Fisher, on returning to the Admiralty, assumed that he had come to take command of the great naval weapon he had forged during his previous dramatic term as First Sea Lord. At once, he swung into action. “Everything began to move. Inertia disappeared. The huge machine creaked and groaned. . . . He was known, feared, loved, and obeyed,” wrote his friend, protégé, and biographer, Admiral Reginald Bacon. Fisher’s first task was to reinvigorate the Admiralty itself. He made new appointments; he swept away deadwood. Churchill had followed up on Haldane’s suggestion and asked a retired former First Sea Lord, Admiral of the Fleet Sir Arthur Wilson, to return to the Admiralty as Chief of Staff. Wilson had refused to accept any official position, since he did not relish having to side with either Fisher or Churchill against the other should they disagree. But he agreed to come back in an unofficial and unpaid capacity, giving advice when asked and being available to work on a variety of special tasks. Sturdee, the incumbent Chief of Staff, had to go. Fisher, it may be remembered, detested Sturdee, a prominent member of Beresford’s camp, and Fisher also suspected him of being responsible for the flawed dispositions that had brought about the Coronel disaster. Churchill, who knew that the faulty dispositions were as much his doing as Sturdee’s, was unwilling to sack him and, instead, sent him to the South Atlantic to find and destroy Admiral von Spee.

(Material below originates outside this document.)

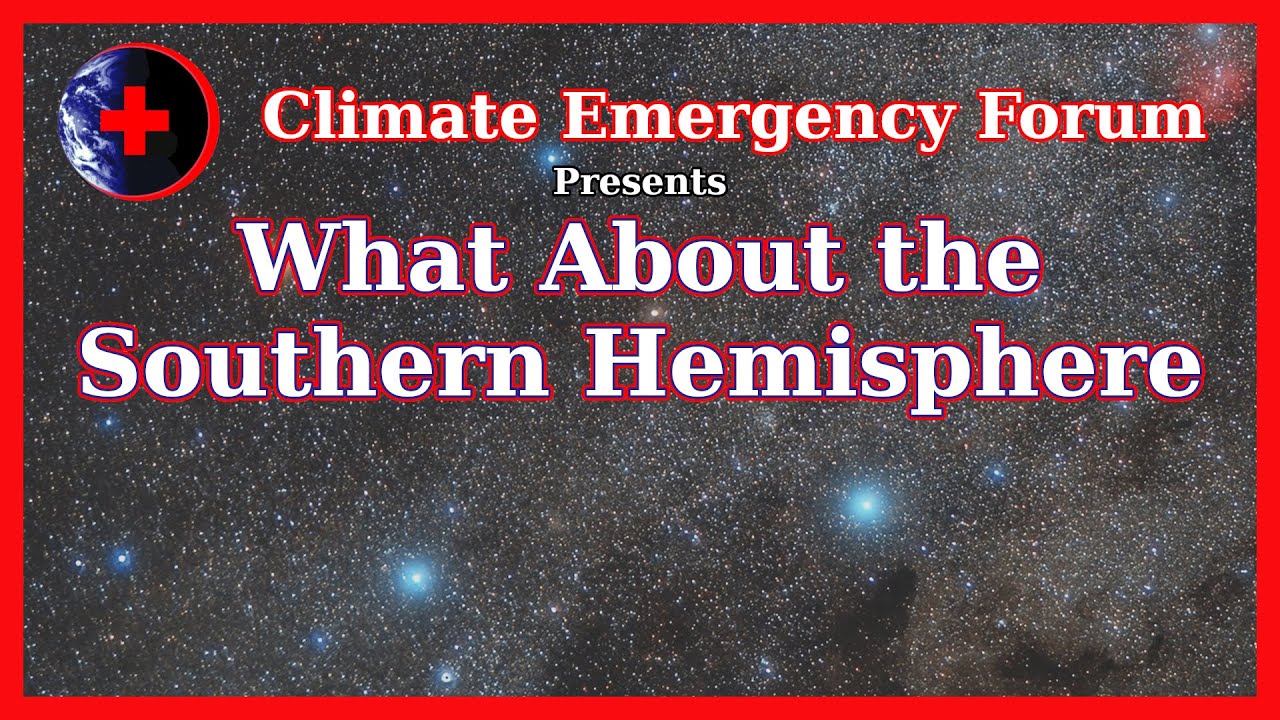 What About the Southern Hemisphere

The workaholic Henry Oliver was appointed Chief of Staff in Sturdee’s place. Oliver had been Director of Naval Intelligence before the war, supplying the First Lord and the Admiralty with facts and numbers related to comparative British and German naval strength. On October 14 he became naval secretary to the First Lord. Now, only a few weeks later, Fisher proposed that he be made Chief of Staff with the rank of acting vice admiral. Thereafter, Oliver, dedicated, unruffled, and inexhaustible, worked fourteen hours a day, Sundays included, and never took leave. He had broad common sense and sufficient self-confidence to stand up to both Churchill and Fisher. His method was simple: if he could not get either to see his point of view, he would agree with them and then quietly go away and do as he thought best. If he was found out, he was rarely overruled. In the months ahead, this combination of Churchill, Fisher, Wilson, and Oliver, known as the War Group or the Cabal, met at least once a day—often many times in a day.